Instructor | Omprakash Gnawali |
Write a program that will encode the source route as a bloom filter. You will be provided an input file that represents the path - each node along the path is separated by space. For example, if the content of the file is the following:
1 2 3 4 5
then the path starts at node 1 and ends at node 5 with 2, 3, and 4 as intermediate nodes.
You will compute the bloom filter as follows: First, we need to compute the index to the filter. Typically, we use a hash function to compute the index. In this assignment, we will use a special hash function:
str = "node1,node2" hashval = asciivalue(md5sumhex(str)) mod n
md5sumhex() returns a string of length 32 -- md5 message digest value in hex digits, and asciivalue() is a function that returns the sum of ASCII value of all the characters in the argument, which is a string. For example, asciivalue("abc") would return 294.
This hash function will convert each edge in the path to an index (hashval) in the range 0..n-1. For example, if our path is n1->n2->n3, we will compute the hash for "n1,n2" and "n2,n3". Now, you will maintain a bit array and set the bit for that index. If hash of "n1,n2" and "n2,n3" return 2 and 5, then we will set the 2nd and 5th bit to '1'. This is our bloom filter.
Your job is to convert the path given in the input file to a bloom filter of n bits. We will run your encoder like this:
./write-route route_filename output_filename filter_size
where filter_size specifies the size of the filter in bits and output_filename is the file to which you write your bloom filter . You should write the size of the filter as the first byte and the filter starting the second byte in the file. If your filter size is 5 bytes, then you here are the six bytes in the output_file: 5, A, B, C, D, E where (A..E) is the bit array representing your filter. Of course all these bytes would be one after another in the file in binary format.
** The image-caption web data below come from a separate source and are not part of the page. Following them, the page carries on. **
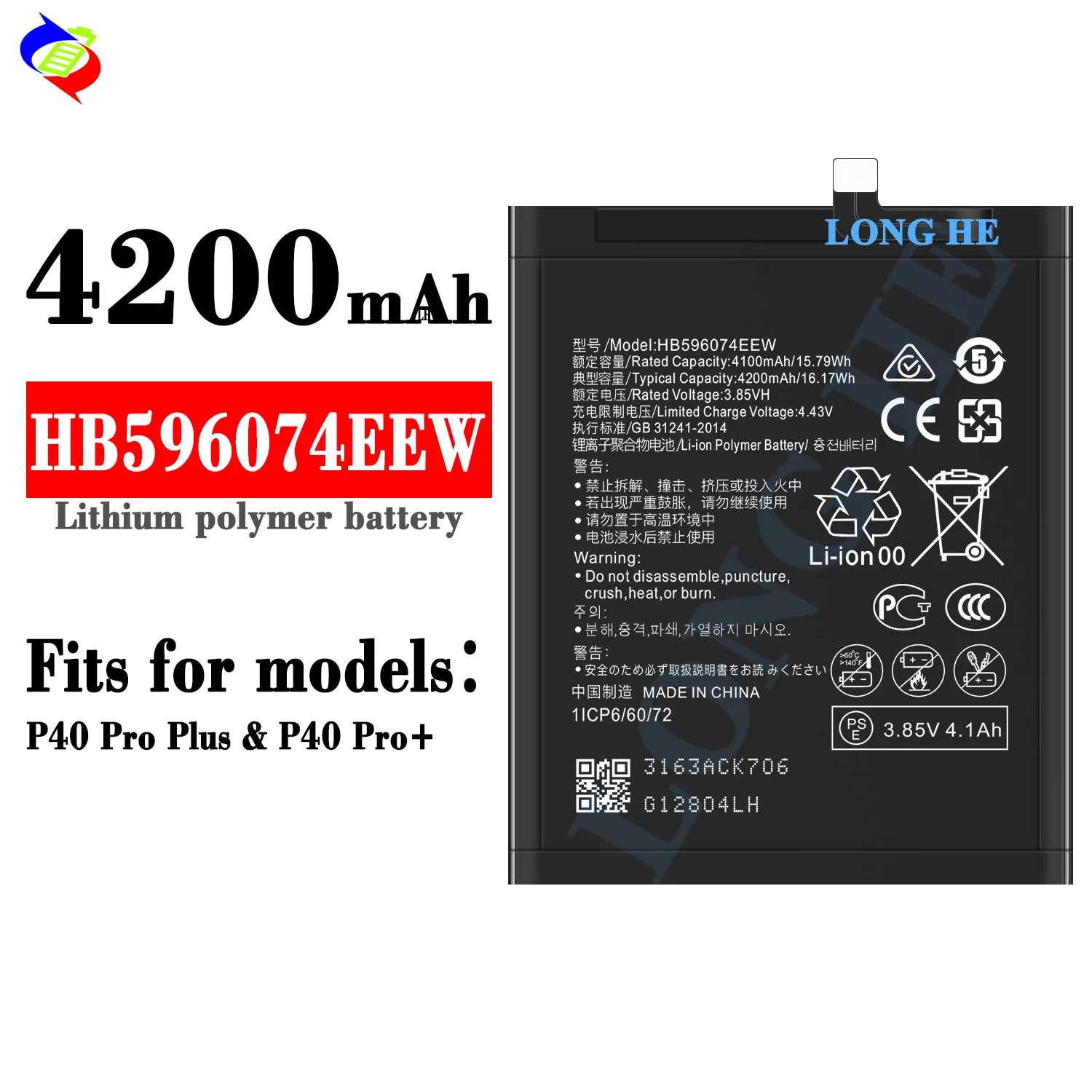 original battery for Huawei P40 Pro Plus HB596074EEW | PH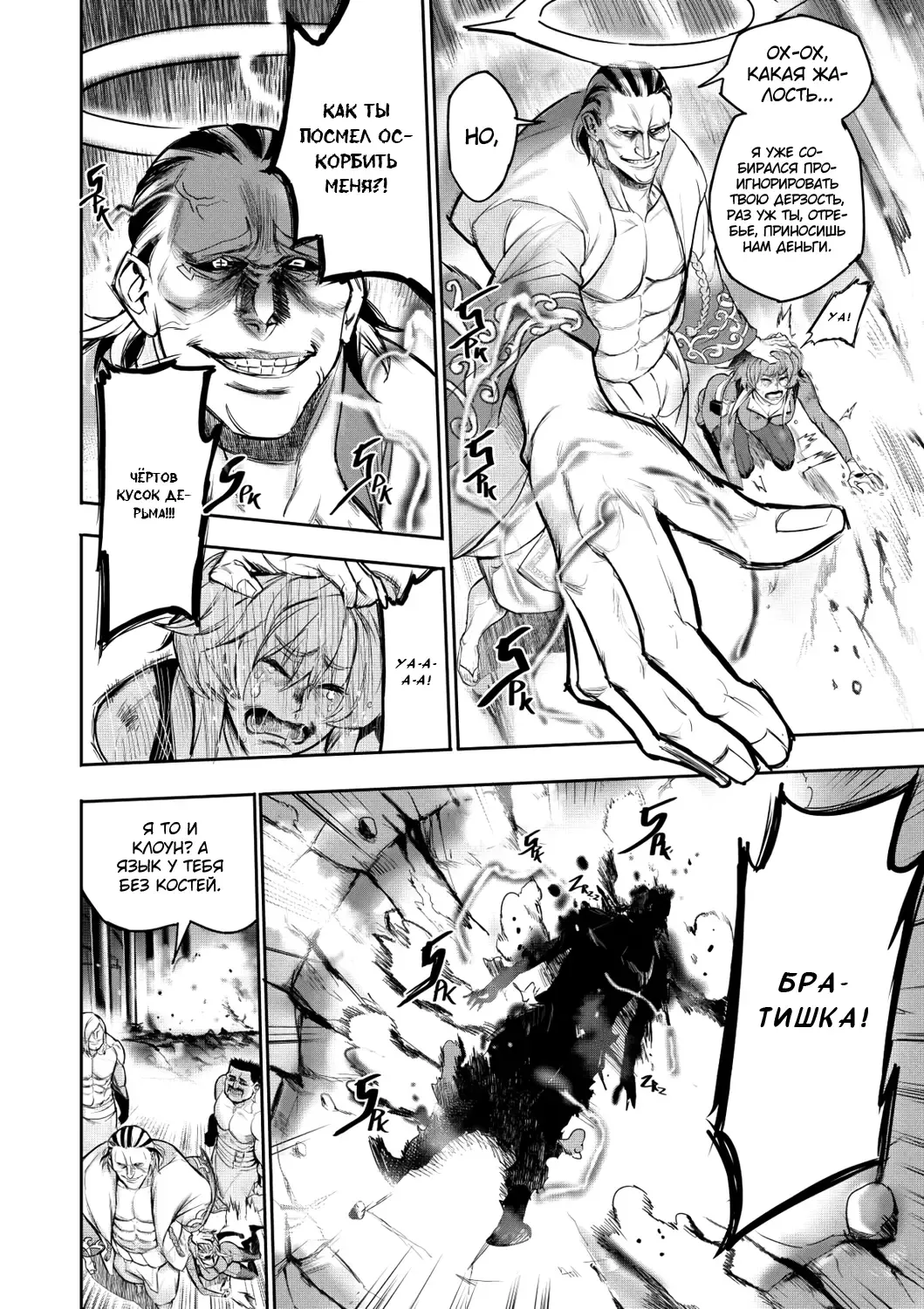 [Furiouzly] I sold my body to a god Chapter1 Completed edition + Chorona Side Story | Я продал своё тело богу Fhentai - Page 40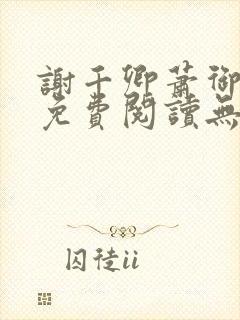 谢千卿萧御小说免费阅读无弹窗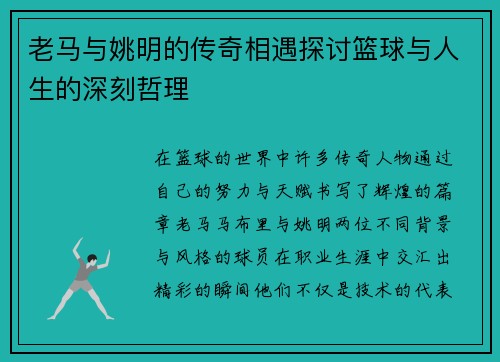 老马与姚明的传奇相遇探讨篮球与人生的深刻哲理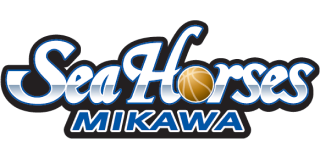 シーホース三河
For debugging, you can use byte array for the filter and write to the file in human-readable text form. But you should eventually write the bit array in binary format.
If we were building a network protocol, the filter would be put on a packet and forwarded to the next hop. In our example, we are going to write the filter to a file and write another program that will decode the filter stored in the file. With this exercise, we are essentially simulating sending a packet (writing to a file), receiving a packet (reading from a file and decoding the information), and the process by which an intermediate router will decide the next hop.
For this part, assume there is an input file that specifies the topology of the network. For each node in the network, there is a line in this file. The first column of each line is the node that has rest of the nodes in the line as its neighbors. For example, if we have an input file like this:
1 2 3 5 900 901
then we have 6 nodes in the network. 1 has links to nodes 2 and 3. 5 has links to nodes 900 and 901. Here 2 and 3 are not neighbors to each other. 2 and 3 have one neighbor: node 1.
Your decoder program will read the filter (output by write-route), the topology file, and decide the next hop for nodeid. For example,
./next-hop filter_filename topology_filename nodeid
Your program will then display the next hop(s) for the nodeid. You will first read the topology file to find all the neighbors of nodeid. Then, you should do a lookup for each edge at the node using the has function above.
Lets say the route is 1->2->3->4 and node 2 has nodes 3, 5, and 10 as neighbors, if we call next-hop for nodeid 2, it should display 3 (assuming no false positive) as next hop. If there are false positives, it should display all the possible next hops.
Q 1 Lets say, our path has 50 hops and we are using a filter of size 40. What is the probability of false positive assuming uniform hashing?
Q 2 What happens to our routing/forwarding mechanism, if there is a false positive? Did you encounter false positives? If you did, provide the command line arguments, route input file, and topology file so we can reproduce the false positive.
Q 3 Plot the CDF of index values computed by our hash function of strings "1" through "10000" for a filter of size 50 and 100 bits. Is our hash function biased?
Q 4 Complete this table experimentally for these input sets: "1".."20", "1".."40", "1".."60", "1".."80", and "1".."100". Here "1".."20" represents the twenty different strings: "1", "2", "3", ... "20", thus the argument to our hash function with be the integer formatted as string (not integer,integer formatted as string for our work above).
Filter Size | Compression Ratio | False Positive Rate |
5 | ||
10 | ||
20 | ||
30 | ||
40 |
Then, draw one graph with five lines for the five input sets. On x-axis put filter size, and on y-axis put false positive rate.
Q 5 Why does the encoder need to put the size of the filter as the first byte in the output file?